Es una institución. Por lo demás antigua. Cuando en 1929 la Villa Barberini pasó a la Santa Sede, Pío XI hizo adquirir los terrenos colindantes por la parte de Albano y destinó estos terrenos a la actividad agrícola. El intento era el de subrayan el interés de la Iglesia por el mundo rural. Ya que le gustaba hacer las cosas de la mejor manera, siempre, quiso que esta granja, si bien pequeña en sus dimensiones, fuese dotada de equipos de vanguardia. Una de las primeras máquinas para ordeñar, por darle un ejemplo, fue introducida en las Villas en los tiempos de Pío XI, así como –siempre en aquel tiempo– se introdujeron las primeras incubadoras para pollitos. Hoy se ha extendido a unas veinte hectáreas. La parte más consistente está constituida por veintiséis vacas lecheras, que dan entre quinientos y seiscientos litros al día.

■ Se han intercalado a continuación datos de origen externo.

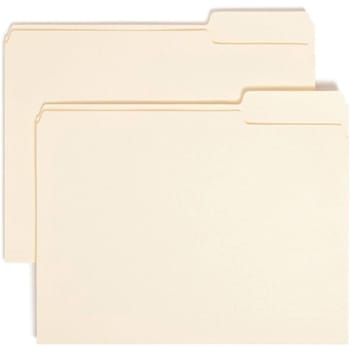 Smead 1/3 Tab Letter File Folder 8.5" X 11" Manila Package Of 100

¿Y dónde va toda esta leche?
Aparte de surtir el Palacio Pontificio, la vendemos a la “Annona”, la despensa del Vaticano. Pero también a algunos cafés de aquí de la zona con el fin de que puedan beneficiarse también los habitantes del lugar. En el pasado surtíamos también al Hospital del Bambino Gesú, cosa que ya no ocurre porque ahora los hospitales se sirven de catering completos.
Ha hablado de surtir el Palacio. ¿Eso significa que llega del Vaticano algo así como una lista de las necesidades?

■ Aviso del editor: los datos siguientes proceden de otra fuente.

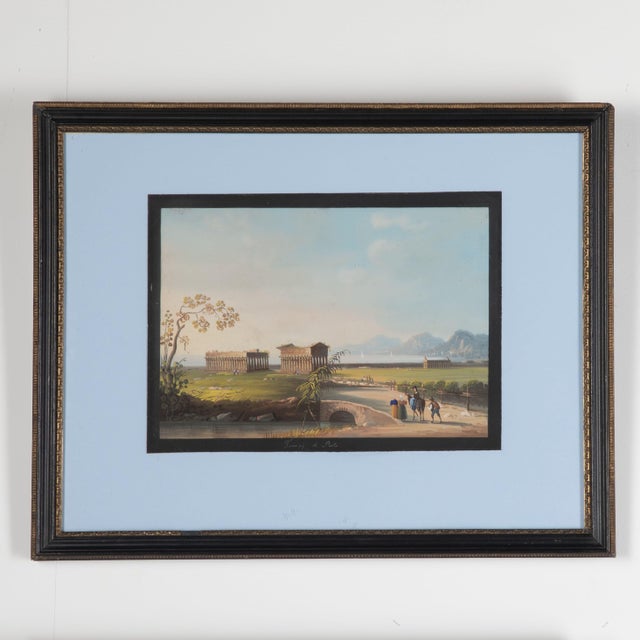 Early 19th Century Neapolitan Artist, Naples, Gouache Paintings, 1830, Set of 4 For Sale - Image 5 of 6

La tradición de proporcionar productos para el Papa comienza en el 1929. Diariamente nos vienen pedidos de productos de los que producimos. Y nosotros los enviamos.
¿El envío al Vaticano es diario?
Sí, todos los días. Le cuento un episodio. Durante la segunda guerra mundial temiendo que la camioneta que partía todas las mañanas no pudiese llegar a su destino debido a los combates –cosa que por lo demás nunca ocurrió– el director de la Villa, preocupado de que nunca le falte leche al Papa, envió al Vaticano un trabajador del establo y siete vacas lecheras. Prepararon un establo en el paseo de las Cuatro Rejas, en los jardines vaticanos. Las vacas fueron trasferidas en un camión, entrada la noche. Llegado el vehículo a la reja, el problema fue convencer a la guardia suiza de que lo deje pasar. Temían una emboscada. Sólo el mugido de las vacas, cansadas por el viaje y en una situación por cierto no cómoda, convenció a los suizos de que efectivamente no había ningún peligro e hicieron pasar el camión. Así las vacas se quedaron en el Vaticano desde enero de 1944 hasta la liberación de Roma.

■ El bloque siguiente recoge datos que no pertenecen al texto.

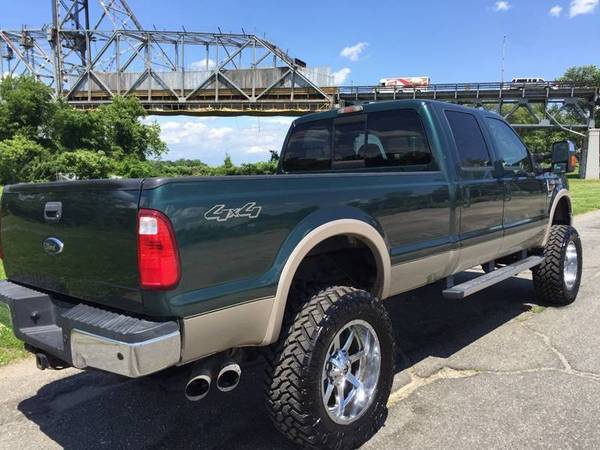 2010 Ford F350 Only 69k Lariat Diesel 4x4 lifted leather - cars &... for sale in burlington city, NY – photo 9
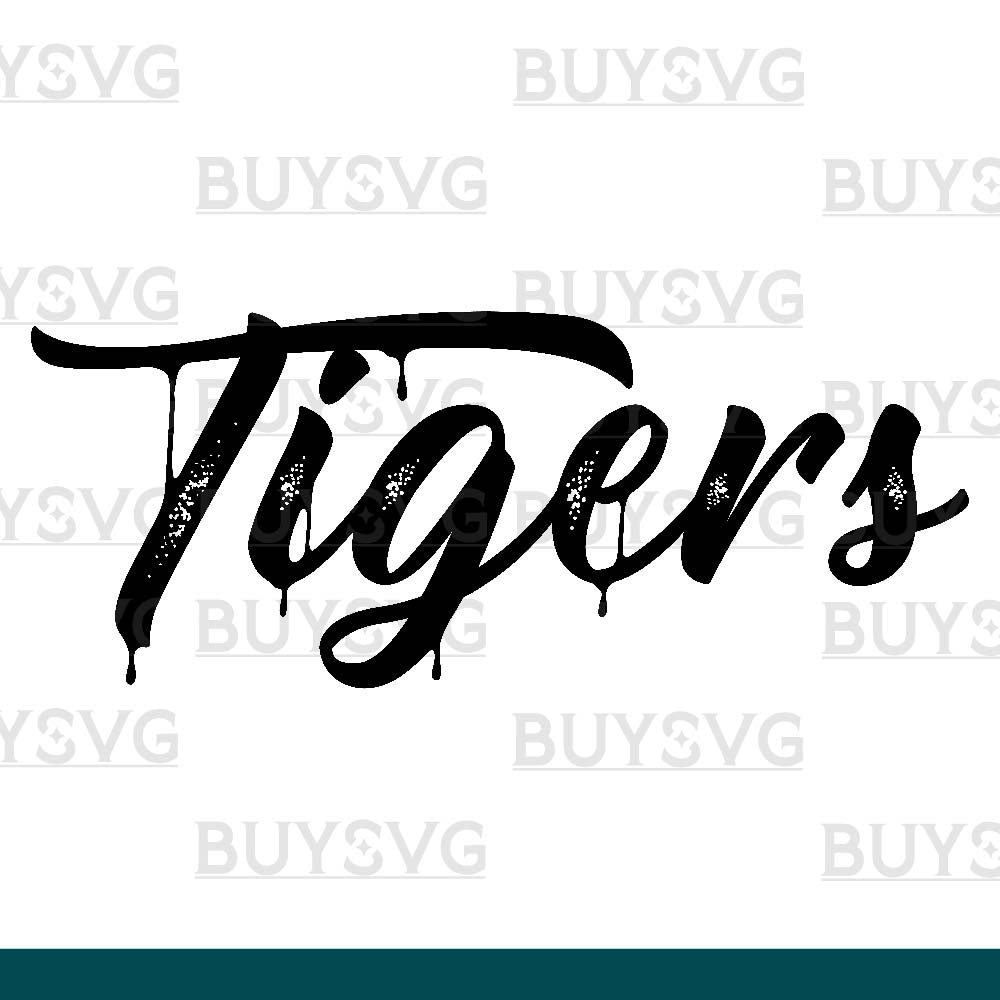 Tigers SVG PNG Digital file Download METAL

¿Qué más se produce en las Villas?
Huevos, un centenar; aceite, entre diez y quince quintales al año; luego fruta y otros productos agrícolas. Lo que sobra es vendido a la “Annona”. También es muy importante lo que se produce en cuanto a flora. Todas las plantas y flores que embellecen los jardines de las Villas son producidas en nuestros invernaderos. En navidad hacemos una producción extraordinaria de estrellas de navidad, y con su venta logramos cubrir los costos para calentar los invernaderos.
¿Cuántas personas trabajan en las Villas?
En conjunto tenemos una planilla de cincuenta y seis personas. La mitad son técnicos para la manutención ordinaria en cada sector, y la mitad son los que trabajan en la granja. En resumen, se trata de una gran familia que, debo decir, trabaja en plena armonía.